Tetapi jumhur (mayoritas) ulama membolehkan jual-beli kretdit ini, alasannya pada asalnya boleh dan nash yang mengharamkannya tidak ada. Jual-beli kredit tidak sanggup dipersamakan dengan riba dari segi manapun. Oleh alasannya itu seorang pedagang boleh menaikkan harga berdasarkan yang pantas, selama tidak hingga kepada batas pelecehan seksual dan kezaliman. 
Kalau hingga terjadi demikian, maka terang hukumnya haram. Imam Syaukani berkata: "Ulama Syafi'iyah, Hanafiyah, Zaid bin Ali, al-Muayyid billah dan Jumhur beropini boleh berdasar umumnya dalil yang memutuskan boleh. Dan inilah yang kiranya lebih tepat." 

Kartu Kredit 
Di zaman ini berbelanja dengan memakai kartu kredit menyampaikan banyak kelebihan, selain urusan gengsi. 
Pertama, persoalan keamanan. 
Seseorang tidak perlu membaya uang tunai / cash kemana-mana. Cukup membawa sebuah kartu kredit dan biasanya kartu itu sanggup diterima dimanapun di penggalan dunia ini. Seseorang tidak perlu merasa khawatir untuk kecopetan, kecurian atau kehilangan uang tunainya. Bahkan jikalau kartu kredit ini hilang, seseorang cukup menghubungi penerbit kartu itu dan dalam hitungan detik kartu tersebut akan diblokir. 
Kedua, persoalan kepraktisan. 
Membawa uang tunai apalagi dalam jumlah yang besar tentu sangat tidak praktis. Dengan kartu kredit seseorang sanggup membawa uang dalam jumlah besar hanya dalam sebuah kartu. Ketiga, persoalan akses. Beberapa toko dan perusahaan tertentu hanya mendapatkan pembayaran melalui kartu kredit. Misalnya toko online di internet yang sangat mengandalkan pembayaran dengan kartu kredit. Kita tidak sanggup membeli sebuah produk di amazon.com dengan mengirim wessel pos. 
Namun tidak berarti kartu kredit itu sanggup sukses di setiap tempat.

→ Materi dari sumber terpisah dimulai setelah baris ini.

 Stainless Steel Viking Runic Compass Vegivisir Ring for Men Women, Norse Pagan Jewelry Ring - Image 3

Untuk keperluan belanja kecil dan harian, penggunaan kartu kredit tidak banyak berguna. Untuk jajan bakso di ujung gang, masih sangat diharapkan uang tunai. Tukang bakso tidak mendapatkan American Visa dan sejenisnya. 
Selain itu dengan maraknya kasus carding atau pemalsuan kartu kredit di internet terutama dari Indonesia, sampai-sampai transaksi online jikalau pemesannya dari Indonesia tidak akan dilayani. Pada dasarnya, prinsip kartu kredit ini menyampaikan uang proteksi kepada pemegang kartu untuk berbelanja di tempat-tempat yang mendapatkan kartu tersebut. Setiap kali seseorang berbelanja, maka pihak penerbit kartu memberi proteksi uang untuk membayar harga belanjaan. 

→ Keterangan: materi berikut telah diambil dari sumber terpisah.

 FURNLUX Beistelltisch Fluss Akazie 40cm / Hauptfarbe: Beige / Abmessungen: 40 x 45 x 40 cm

Untuk itu seseorang akan dikenakan biaya beberapa persen dari uang yang dipinjamnya yang menjadi laba pihak penerbit kartu kredit. Biasanya uang proteksi itu jikalau segera dilunasi dan belum jatuh tempo tidak atau belum lagi dikenakan bunga, yaitu selama masa waktu tertentu contohnya satu bulan dari tanggal pembelian. 
Tapi jikalau telah lewat satu bulan itu dan tidak dilunasi, maka akan dikenakan bunga atas proteksi tersebut yang besarnya bervariasi antara masing-masing perusahaan. Makara jikalau dilihat secara syariah, kartu kredit itu mengandung dua hal. Pertama, proteksi tanpa bunga yaitu jikalau dilunasi sebelum jatuh tempo. Kedua, proteksi dengan bunga yaitu jikalau dilunasi sesudah jatuh tempo. 

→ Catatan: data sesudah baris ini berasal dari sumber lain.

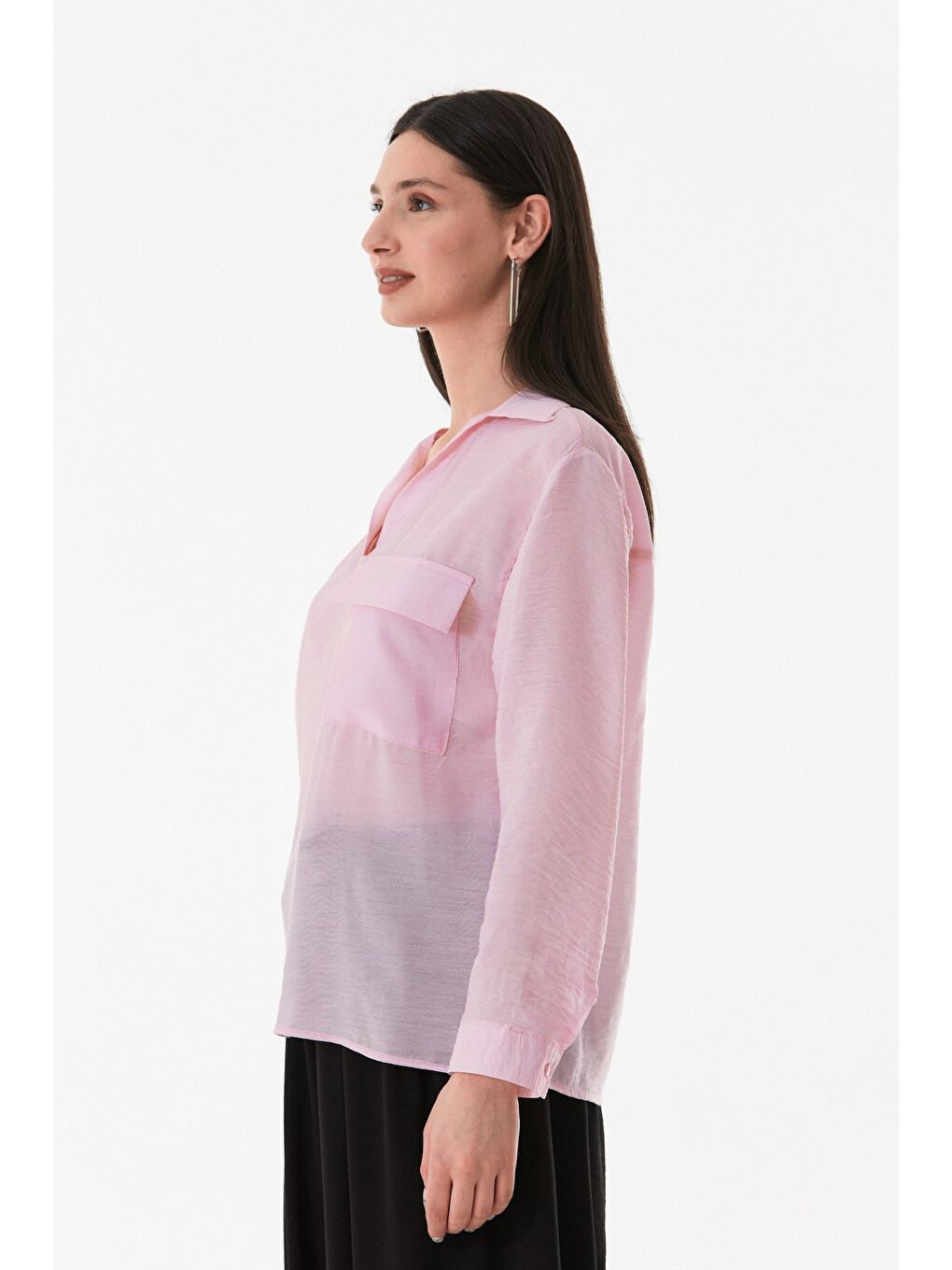 Pembe Basic V Yaka Tek Cepli Gömlek-3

Bila seseorang sanggup menjamin bahwa tidak akan jatuh pada opsi kedua, maka memakai kartu kredit untuk berbelanja ialah halal hukumnya. Tapi jikalau hingga jatuh pada opsi kedua, maka menjadi haram hukumnya alasannya memakai praktek riba yang diharamkan oleh Allah SWT.